A UM representative says the university is still “studying the complaint.”
The OCR also agreed to open Perry’s complaint against Wayne State for hosting an annual summer workshop on its campus for the “Black Girls CODE” organization.
Perry says that many universities have no idea they may be in violation of Title IX by offering female-only programs until it’s brought to their attention. And Title IX relies on complaints — officers don’t go out in search of violations.
“Gender discrimination has been embedded, accepted, embraced and institutionalized in higher education for decades,” Perry says.
Yet he’s hopeful that 2019 will be a “watershed” moment for ending gender discrimination in higher education.
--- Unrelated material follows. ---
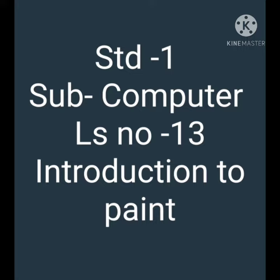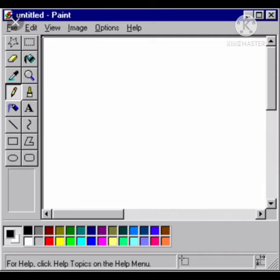Standard First Subject, Computer Lesson Number Thirteen: Introduction to Paint. Paint is a computer program with which one can draw and color pictures. Microsoft Paint, or MS Paint, is a basic graphics painting utility that is included in all Microsoft Windows versions. Paint can be used to draw, color, and edit pictures, including importing pictures from a digital camera.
Similar complaints of bias against men at Tulane University in New Orleans — filed by a female lawyer in Virginia — were recently investigated by the OCR and Tulane agreed to a resolution agreement to solve its Title IX violations.
Perry expects a similar outcome at UM.
Samantha Harris, vice president of procedural advocacy at the Foundation for Individual Rights in Education, says the uptick in lawsuits brought by male students who say they’ve been denied due process in campus sexual assault investigations is another example of men starting to challenge unfair treatment under Title IX. That's why Education Secretary Betsy DeVos is working to craft new rules for these tribunals.
For Perry, this is about challenging universities that claim to be about equity and inclusion, but too often fail in that mission.
“It’s time for UM and other universities to practice true ‘civil rights for all,’" he says.